- [DESCRIPTION OF THE TASK]: Make an exact transcript of the lines in the data below, starting with the one containing "Ring-tailed Lemur (Lemur" and going on through the one containing "copyright music 著作権フリー", with both included and the pictures left out.

- [RECORDS PROVIDED]:
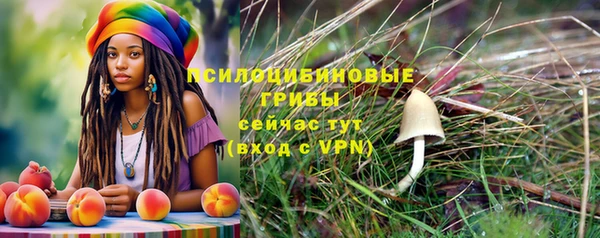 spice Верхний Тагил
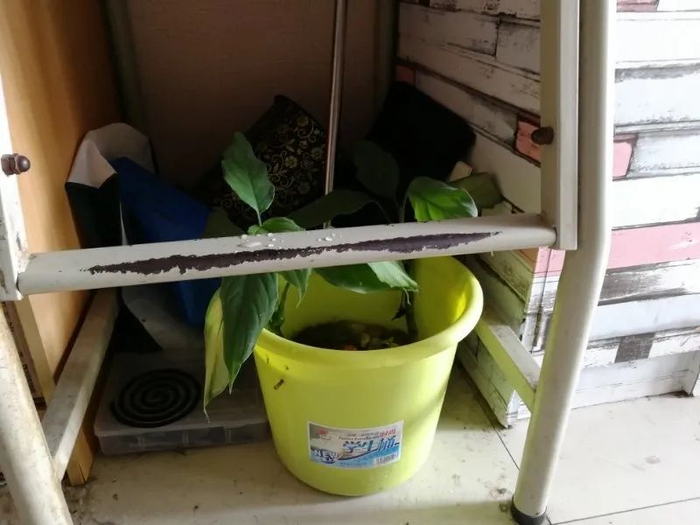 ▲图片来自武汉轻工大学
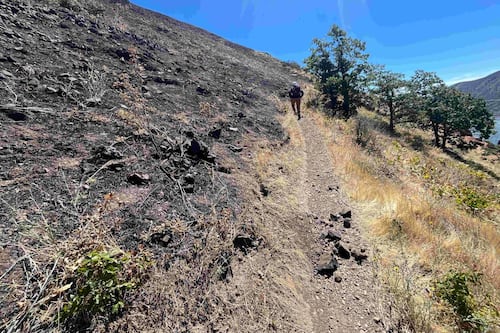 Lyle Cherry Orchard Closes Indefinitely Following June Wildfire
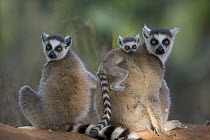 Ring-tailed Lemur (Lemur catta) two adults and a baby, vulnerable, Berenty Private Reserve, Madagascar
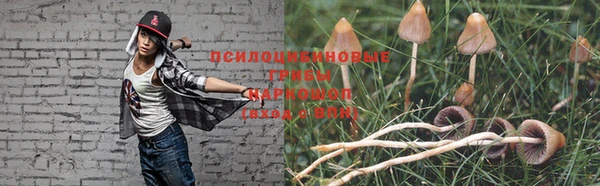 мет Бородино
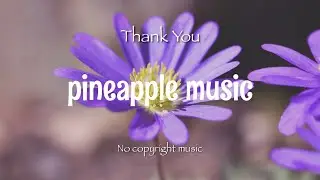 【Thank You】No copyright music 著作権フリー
---
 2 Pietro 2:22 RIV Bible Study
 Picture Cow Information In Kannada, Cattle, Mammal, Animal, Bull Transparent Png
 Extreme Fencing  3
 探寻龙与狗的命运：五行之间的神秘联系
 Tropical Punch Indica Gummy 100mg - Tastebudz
--
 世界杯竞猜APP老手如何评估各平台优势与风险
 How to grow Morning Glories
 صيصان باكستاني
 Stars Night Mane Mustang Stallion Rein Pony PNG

- [REPLY]:
 Ring-tailed Lemur (Lemur catta) two adults and a baby, vulnerable, Berenty Private Reserve, Madagascar
 мет Бородино
 【Thank You】No copyright music 著作権フリー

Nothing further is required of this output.